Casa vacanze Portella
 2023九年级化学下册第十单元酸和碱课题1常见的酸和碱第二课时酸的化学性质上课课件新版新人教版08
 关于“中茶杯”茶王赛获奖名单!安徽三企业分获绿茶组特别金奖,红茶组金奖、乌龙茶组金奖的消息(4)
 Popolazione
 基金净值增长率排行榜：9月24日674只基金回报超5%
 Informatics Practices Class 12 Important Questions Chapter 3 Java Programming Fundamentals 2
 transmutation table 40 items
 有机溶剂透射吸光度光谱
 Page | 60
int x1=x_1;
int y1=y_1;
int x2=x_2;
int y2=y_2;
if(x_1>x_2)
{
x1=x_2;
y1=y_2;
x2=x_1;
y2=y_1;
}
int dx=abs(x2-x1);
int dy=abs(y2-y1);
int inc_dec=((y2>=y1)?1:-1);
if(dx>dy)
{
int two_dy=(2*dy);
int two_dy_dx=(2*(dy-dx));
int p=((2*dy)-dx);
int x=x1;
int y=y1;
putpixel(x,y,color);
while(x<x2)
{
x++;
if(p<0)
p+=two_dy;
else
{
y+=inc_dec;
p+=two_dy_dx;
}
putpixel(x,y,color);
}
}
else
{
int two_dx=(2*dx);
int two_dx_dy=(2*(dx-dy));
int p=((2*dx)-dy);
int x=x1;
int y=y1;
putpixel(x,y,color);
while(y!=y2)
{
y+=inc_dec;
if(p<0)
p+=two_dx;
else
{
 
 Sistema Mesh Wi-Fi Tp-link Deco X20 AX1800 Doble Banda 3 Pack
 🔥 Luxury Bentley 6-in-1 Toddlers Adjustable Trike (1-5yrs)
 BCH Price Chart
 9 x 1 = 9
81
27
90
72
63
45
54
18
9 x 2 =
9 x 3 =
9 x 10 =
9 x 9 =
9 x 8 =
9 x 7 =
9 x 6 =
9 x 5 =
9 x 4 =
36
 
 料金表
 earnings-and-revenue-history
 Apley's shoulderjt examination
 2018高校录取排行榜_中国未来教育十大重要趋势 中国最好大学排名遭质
━━━━━━━━━━━━━━━━━━━━
From the first record to the last, copy everything exactly.

Casa vacanze Portella
 2023九年级化学下册第十单元酸和碱课题1常见的酸和碱第二课时酸的化学性质上课课件新版新人教版08
 关于“中茶杯”茶王赛获奖名单!安徽三企业分获绿茶组特别金奖,红茶组金奖、乌龙茶组金奖的消息(4)
 Popolazione
 基金净值增长率排行榜：9月24日674只基金回报超5%
 Informatics Practices Class 12 Important Questions Chapter 3 Java Programming Fundamentals 2
 transmutation table 40 items
 有机溶剂透射吸光度光谱
 Page | 60
int x1=x_1;
int y1=y_1;
int x2=x_2;
int y2=y_2;
if(x_1>x_2)
{
x1=x_2;
y1=y_2;
x2=x_1;
y2=y_1;
}
int dx=abs(x2-x1);
int dy=abs(y2-y1);
int inc_dec=((y2>=y1)?1:-1);
if(dx>dy)
{
int two_dy=(2*dy);
int two_dy_dx=(2*(dy-dx));
int p=((2*dy)-dx);
int x=x1;
int y=y1;
putpixel(x,y,color);
while(x<x2)
{
x++;
if(p<0)
p+=two_dy;
else
{
y+=inc_dec;
p+=two_dy_dx;
}
putpixel(x,y,color);
}
}
else
{
int two_dx=(2*dx);
int two_dx_dy=(2*(dx-dy));
int p=((2*dx)-dy);
int x=x1;
int y=y1;
putpixel(x,y,color);
while(y!=y2)
{
y+=inc_dec;
if(p<0)
p+=two_dx;
else
{
 
 Sistema Mesh Wi-Fi Tp-link Deco X20 AX1800 Doble Banda 3 Pack
 🔥 Luxury Bentley 6-in-1 Toddlers Adjustable Trike (1-5yrs)
 BCH Price Chart
 9 x 1 = 9
81
27
90
72
63
45
54
18
9 x 2 =
9 x 3 =
9 x 10 =
9 x 9 =
9 x 8 =
9 x 7 =
9 x 6 =
9 x 5 =
9 x 4 =
36
 
 料金表
 earnings-and-revenue-history
 Apley's shoulderjt examination
 2018高校录取排行榜_中国未来教育十大重要趋势 中国最好大学排名遭质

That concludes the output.